8. Minutes and records
8.1 Full minutes of the meetings of the Committee and all written resolutions of the Committee should be kept by the secretary of the Committee. The secretary of the Committee shall circulate the minutes of the meeting of the Committee or, as the case may be, written resolutions of the Committee to all members of the Committee within a reasonable time after the meeting or before the passing of the written resolutions.

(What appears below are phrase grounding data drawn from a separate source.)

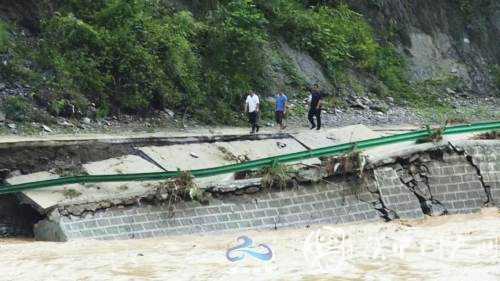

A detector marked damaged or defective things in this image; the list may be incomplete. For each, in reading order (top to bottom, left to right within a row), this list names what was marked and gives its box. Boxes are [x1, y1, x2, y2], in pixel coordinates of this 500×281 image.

broken concrete edge [0, 131, 292, 149]
bent guardrail [0, 120, 498, 195] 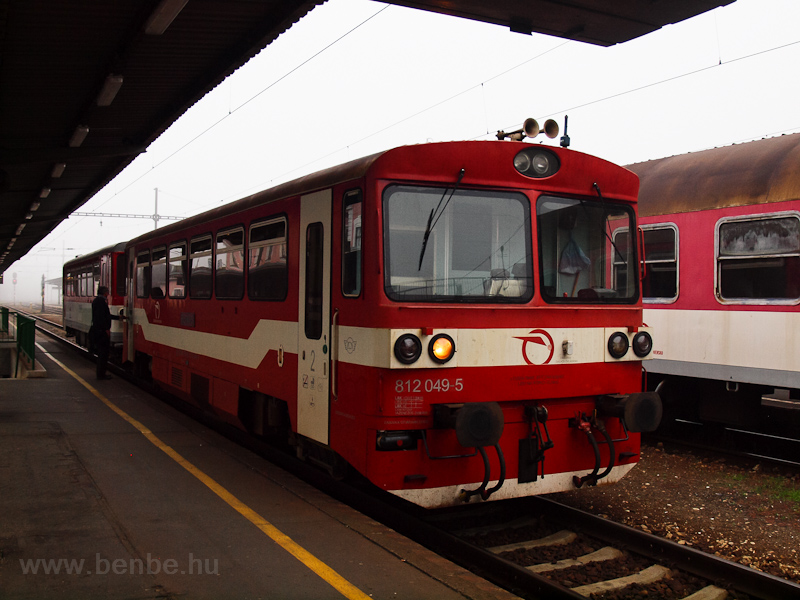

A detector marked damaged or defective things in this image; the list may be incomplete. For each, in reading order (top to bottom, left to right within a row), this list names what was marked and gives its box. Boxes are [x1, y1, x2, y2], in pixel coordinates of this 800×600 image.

rust-stained roof [628, 132, 800, 217] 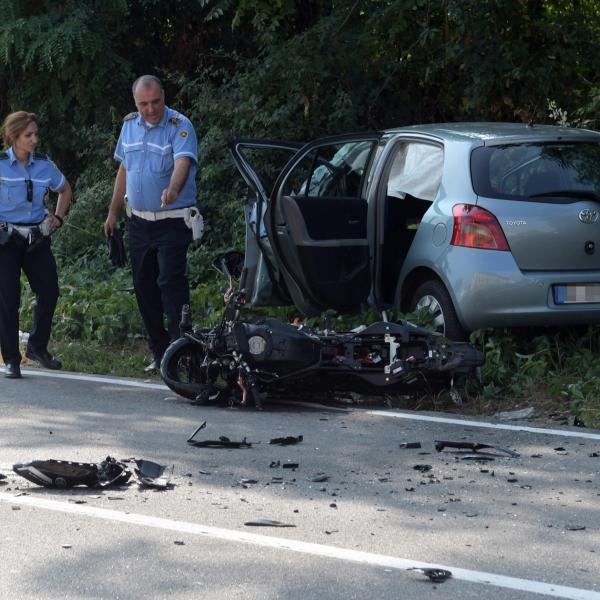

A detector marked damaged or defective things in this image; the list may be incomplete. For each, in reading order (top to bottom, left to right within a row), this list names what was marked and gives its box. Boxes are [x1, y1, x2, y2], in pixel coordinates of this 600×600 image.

wrecked motorcycle [159, 253, 482, 408]
broken plastic fragment [135, 460, 172, 488] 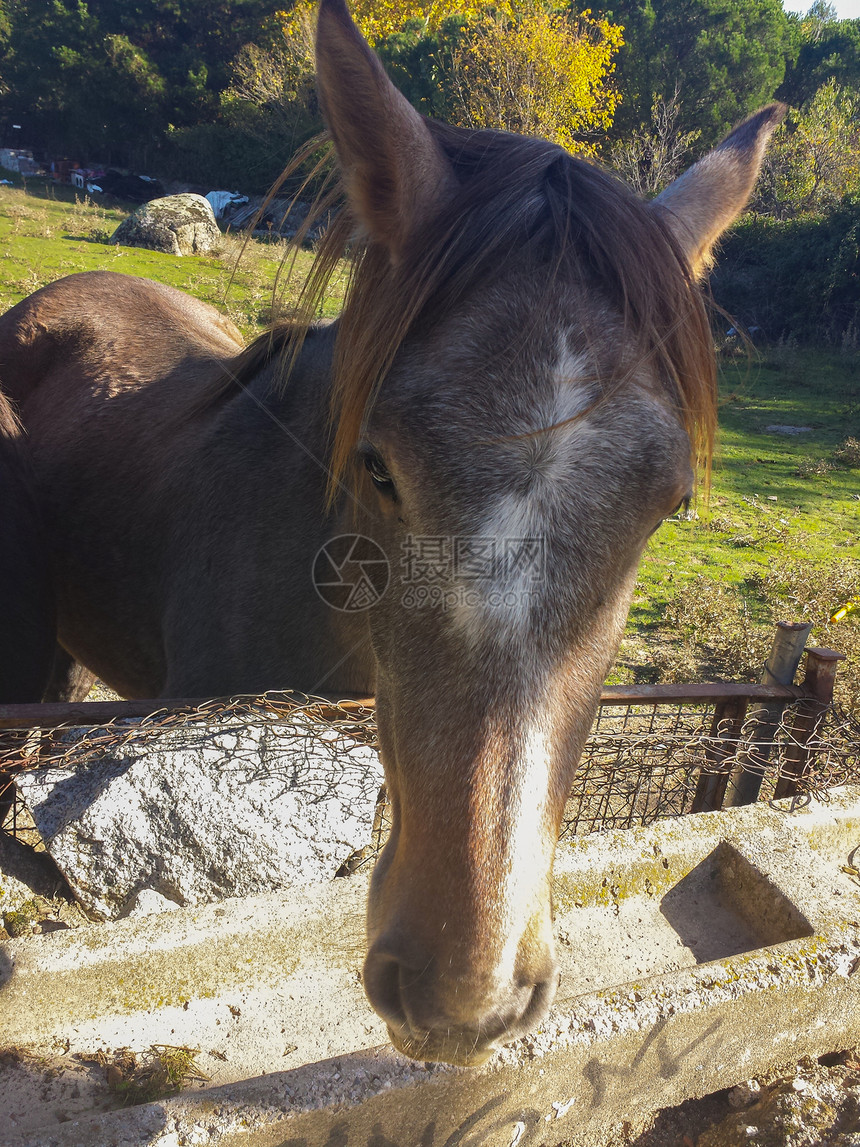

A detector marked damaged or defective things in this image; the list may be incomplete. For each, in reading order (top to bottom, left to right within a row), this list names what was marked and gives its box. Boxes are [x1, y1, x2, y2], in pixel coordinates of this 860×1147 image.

rusty wire [0, 692, 857, 857]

9. Continuing application of the bye-laws of the Company
9.1 The bye-laws of the Company regulating the meetings and proceedings of the Directors so far as the same are applicable and are not replaced by the provisions in these terms of reference shall apply to the meetings and proceedings of the Committee.
10. Powers of the Board
10.1 The Board may, subject to compliance with the bye-laws of the Company and the Listing Rules (including the Corporate Governance Code set out in Appendix 14 to the Listing Rules or if adopted by the Company, the Company's own code of corporate governance practices), amend, supplement and revoke these terms of reference and any resolution passed by the Committee provided that no amendments to and revocation of these terms of reference and the resolutions passed by the Committee shall invalidate any prior act and resolution of the Committee which would have been valid if such terms of reference or resolution had not been amended or revoked.
11. Publication of the terms of reference of the Committee
11.1 The Committee should make available its terms of reference, explaining its role and the authority delegated to it by the Board by including them on the website of the Company and on the website of the Stock Exchange of Hong Kong Limited.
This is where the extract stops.